Brandeis Professor Aparna Baskaran (PHYS) received the 2019 Early Career Award for Soft Matter Research from the American Physical Society (APS), a nonprofit organization that works to advance knowledge on physics, according to the APS website.

The award recognizes “outstanding and sustained contributions by a young researcher to the field of Soft Matter during his or her initial period of full-time employment.” The award, which is sponsored by the Belgian chemical company Solvay, includes a $5,000 prize and the cost of travel to the APS March meeting, according to the APS award website.
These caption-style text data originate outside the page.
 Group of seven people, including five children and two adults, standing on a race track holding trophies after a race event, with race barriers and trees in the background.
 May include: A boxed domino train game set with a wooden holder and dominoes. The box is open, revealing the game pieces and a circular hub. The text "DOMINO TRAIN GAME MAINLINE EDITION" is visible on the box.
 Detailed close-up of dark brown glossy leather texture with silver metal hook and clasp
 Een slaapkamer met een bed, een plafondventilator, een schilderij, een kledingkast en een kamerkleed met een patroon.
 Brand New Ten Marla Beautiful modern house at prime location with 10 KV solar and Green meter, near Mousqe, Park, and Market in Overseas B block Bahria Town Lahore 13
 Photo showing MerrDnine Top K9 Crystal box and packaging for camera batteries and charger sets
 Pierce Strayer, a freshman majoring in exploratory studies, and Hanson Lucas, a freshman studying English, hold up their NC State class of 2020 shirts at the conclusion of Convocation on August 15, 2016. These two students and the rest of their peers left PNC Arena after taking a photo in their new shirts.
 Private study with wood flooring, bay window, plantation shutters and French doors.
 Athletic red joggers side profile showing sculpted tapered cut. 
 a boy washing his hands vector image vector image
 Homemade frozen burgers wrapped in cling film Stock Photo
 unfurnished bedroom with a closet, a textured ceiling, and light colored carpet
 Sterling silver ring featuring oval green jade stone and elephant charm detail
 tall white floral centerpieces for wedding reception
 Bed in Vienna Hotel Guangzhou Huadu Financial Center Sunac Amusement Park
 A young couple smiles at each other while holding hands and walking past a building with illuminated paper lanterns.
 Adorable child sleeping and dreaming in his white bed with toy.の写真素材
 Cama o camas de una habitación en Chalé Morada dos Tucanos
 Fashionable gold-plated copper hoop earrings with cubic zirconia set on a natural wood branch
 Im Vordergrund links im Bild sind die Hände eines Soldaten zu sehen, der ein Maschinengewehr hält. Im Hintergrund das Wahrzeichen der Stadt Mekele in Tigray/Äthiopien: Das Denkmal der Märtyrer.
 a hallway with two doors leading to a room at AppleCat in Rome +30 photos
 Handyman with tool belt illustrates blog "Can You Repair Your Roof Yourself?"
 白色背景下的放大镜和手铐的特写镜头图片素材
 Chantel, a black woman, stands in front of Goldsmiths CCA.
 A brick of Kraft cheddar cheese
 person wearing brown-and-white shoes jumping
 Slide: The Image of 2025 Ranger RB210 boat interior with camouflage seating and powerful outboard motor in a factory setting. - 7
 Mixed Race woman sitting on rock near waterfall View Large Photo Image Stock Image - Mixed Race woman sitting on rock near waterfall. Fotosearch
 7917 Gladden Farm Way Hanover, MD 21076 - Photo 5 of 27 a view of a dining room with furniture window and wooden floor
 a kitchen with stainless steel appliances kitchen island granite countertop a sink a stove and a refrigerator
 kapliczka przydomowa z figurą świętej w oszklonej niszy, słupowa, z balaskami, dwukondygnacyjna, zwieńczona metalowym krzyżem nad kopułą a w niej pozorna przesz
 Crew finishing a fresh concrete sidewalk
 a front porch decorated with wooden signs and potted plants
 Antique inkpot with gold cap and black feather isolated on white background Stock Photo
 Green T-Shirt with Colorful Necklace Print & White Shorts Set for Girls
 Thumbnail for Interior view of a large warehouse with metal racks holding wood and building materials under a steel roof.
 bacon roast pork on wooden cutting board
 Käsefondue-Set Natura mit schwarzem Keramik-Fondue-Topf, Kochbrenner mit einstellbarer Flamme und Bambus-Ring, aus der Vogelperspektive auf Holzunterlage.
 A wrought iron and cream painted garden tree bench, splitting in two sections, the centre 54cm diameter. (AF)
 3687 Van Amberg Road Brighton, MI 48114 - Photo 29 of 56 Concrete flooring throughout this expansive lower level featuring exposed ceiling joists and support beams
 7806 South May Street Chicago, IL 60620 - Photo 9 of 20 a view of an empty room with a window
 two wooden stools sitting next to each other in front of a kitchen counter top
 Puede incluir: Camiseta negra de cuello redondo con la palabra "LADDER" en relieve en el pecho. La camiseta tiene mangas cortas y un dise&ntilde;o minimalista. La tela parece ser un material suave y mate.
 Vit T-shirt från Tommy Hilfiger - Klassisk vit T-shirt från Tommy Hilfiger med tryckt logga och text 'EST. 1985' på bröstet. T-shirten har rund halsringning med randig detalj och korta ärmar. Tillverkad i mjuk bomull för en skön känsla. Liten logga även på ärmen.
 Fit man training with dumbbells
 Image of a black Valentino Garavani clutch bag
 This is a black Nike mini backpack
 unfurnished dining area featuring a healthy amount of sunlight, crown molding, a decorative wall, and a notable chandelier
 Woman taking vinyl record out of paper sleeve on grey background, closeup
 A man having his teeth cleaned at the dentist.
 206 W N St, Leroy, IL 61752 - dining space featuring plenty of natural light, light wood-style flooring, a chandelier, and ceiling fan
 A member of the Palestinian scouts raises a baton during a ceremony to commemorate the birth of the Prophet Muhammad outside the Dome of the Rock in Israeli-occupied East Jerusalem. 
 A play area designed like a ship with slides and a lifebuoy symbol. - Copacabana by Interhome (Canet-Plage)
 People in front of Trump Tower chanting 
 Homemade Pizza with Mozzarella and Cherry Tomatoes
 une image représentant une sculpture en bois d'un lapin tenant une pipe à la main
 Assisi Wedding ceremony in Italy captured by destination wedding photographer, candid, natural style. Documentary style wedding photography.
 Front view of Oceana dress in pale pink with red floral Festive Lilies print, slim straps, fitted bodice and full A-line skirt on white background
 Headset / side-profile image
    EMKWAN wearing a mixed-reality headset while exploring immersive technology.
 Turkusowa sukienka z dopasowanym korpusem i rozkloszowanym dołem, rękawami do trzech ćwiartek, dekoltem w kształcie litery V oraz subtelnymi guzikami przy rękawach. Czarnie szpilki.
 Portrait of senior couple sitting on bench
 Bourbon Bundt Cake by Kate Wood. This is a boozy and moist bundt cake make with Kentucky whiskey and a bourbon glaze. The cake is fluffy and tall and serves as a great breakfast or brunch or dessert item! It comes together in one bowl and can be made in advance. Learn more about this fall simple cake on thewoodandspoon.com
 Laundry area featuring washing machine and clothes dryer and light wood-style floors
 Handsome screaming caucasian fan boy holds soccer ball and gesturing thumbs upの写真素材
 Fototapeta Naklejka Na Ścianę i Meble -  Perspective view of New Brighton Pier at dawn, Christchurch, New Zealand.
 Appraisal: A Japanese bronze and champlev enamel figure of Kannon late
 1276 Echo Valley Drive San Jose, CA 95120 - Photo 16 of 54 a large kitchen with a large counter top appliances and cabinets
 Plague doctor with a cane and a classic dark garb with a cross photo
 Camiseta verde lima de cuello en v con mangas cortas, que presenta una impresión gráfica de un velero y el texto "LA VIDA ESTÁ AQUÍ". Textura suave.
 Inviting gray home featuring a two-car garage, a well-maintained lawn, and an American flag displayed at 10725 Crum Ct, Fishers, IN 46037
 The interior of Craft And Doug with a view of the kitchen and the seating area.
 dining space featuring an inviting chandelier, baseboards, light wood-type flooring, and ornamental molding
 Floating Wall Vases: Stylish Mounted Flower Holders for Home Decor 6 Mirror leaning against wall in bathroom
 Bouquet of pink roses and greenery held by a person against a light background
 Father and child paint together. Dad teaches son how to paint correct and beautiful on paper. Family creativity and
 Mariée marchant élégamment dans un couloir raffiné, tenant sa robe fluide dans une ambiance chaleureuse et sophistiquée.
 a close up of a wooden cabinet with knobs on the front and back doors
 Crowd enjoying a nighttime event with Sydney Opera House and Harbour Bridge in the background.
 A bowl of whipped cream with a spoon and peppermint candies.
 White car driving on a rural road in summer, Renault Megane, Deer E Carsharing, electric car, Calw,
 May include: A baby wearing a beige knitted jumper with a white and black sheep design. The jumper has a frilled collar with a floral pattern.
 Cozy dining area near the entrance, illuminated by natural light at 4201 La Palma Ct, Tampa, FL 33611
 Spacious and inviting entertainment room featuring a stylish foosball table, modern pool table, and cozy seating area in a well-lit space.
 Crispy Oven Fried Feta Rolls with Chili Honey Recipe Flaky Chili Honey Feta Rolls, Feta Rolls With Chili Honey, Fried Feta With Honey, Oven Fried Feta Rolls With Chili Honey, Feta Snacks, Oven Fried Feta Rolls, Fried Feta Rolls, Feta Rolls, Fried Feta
Baskaran received the award “for pathbreaking advances in our understanding of the physics of soft materials out of equilibrium, especially active and granular matter,” according to the APS award website. She is a member of the APS and the American Association for the Advancement of Science, according to her CV.

The APS award webpage describes Baskaran as “a beloved teacher and passionate exponent of her science.”

Baskaran’s research at Brandeis includes the understanding of out-of-equilibrium properties of soft materials. She also studies the physics of biological systems, according to her Brandeis University webpage. Baskaran uses computer simulators to model and understand individual systems, where she can then create theories that apply to groups of nonequilibrium systems, according to the APS award website.

Baskaran is an associate professor of physics at the Martin A. Fisher School of Physics. She got her Ph.D. from the University of Florida in 2006 and her Masters of Science in Physics at the Raman School of Physics Pondicherry University. She has received 13 different fellowships and awards, according to her CV.

Baskaran has published over 30 scientific articles from topics ranging from soft matter to self-propelled particles. She has also spoken at a variety of seminars in and outside of the United States on her research and topics related to the study of physics. News India Times first reported that APS was awarding the prize to Baskaran.

Her Brandeis web page describes her as “a theorist interested in understanding the dynamics of soft materials far from equilibrium. She is presently focused on understanding active materials such as self-propelled colloids and in vitro cytoskeletal filament systems, field and shear driven colloids and granular materials.”

The award is open to any researchers contributing to soft matter research. Baskaran was selected as the winner from a committee of seven.